WHAT IS BEING ASKED: The material below holds the lines to copy: from the one with "Pin By Samuel" up to and including the one with "tecnicas-ponto-croche-artesanato-trico29". Copy them exactly and skip the pictures.

DATA FOR THIS TASK:
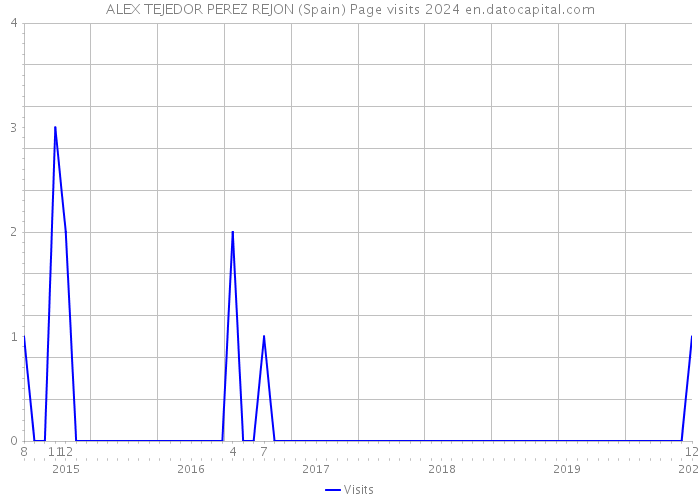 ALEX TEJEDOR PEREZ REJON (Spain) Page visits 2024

* * *

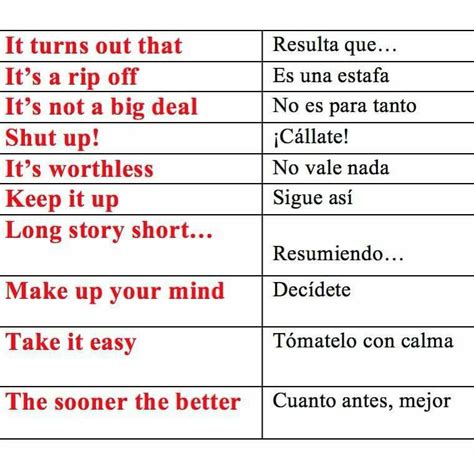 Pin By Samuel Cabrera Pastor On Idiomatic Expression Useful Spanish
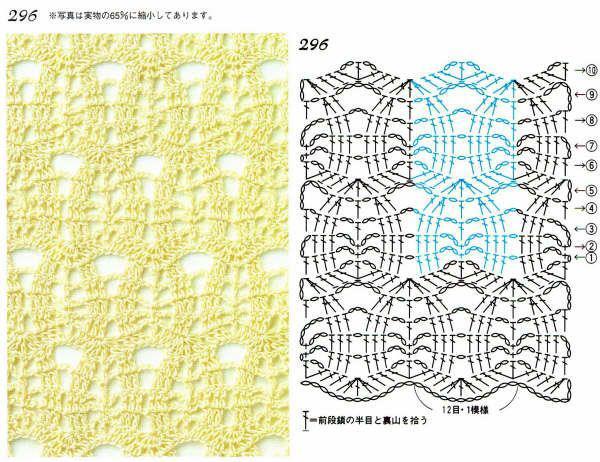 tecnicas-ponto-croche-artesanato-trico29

ANSWER TO THIS EXERCISE:
 Pin By Samuel Cabrera Pastor On Idiomatic Expression Useful Spanish
 tecnicas-ponto-croche-artesanato-trico29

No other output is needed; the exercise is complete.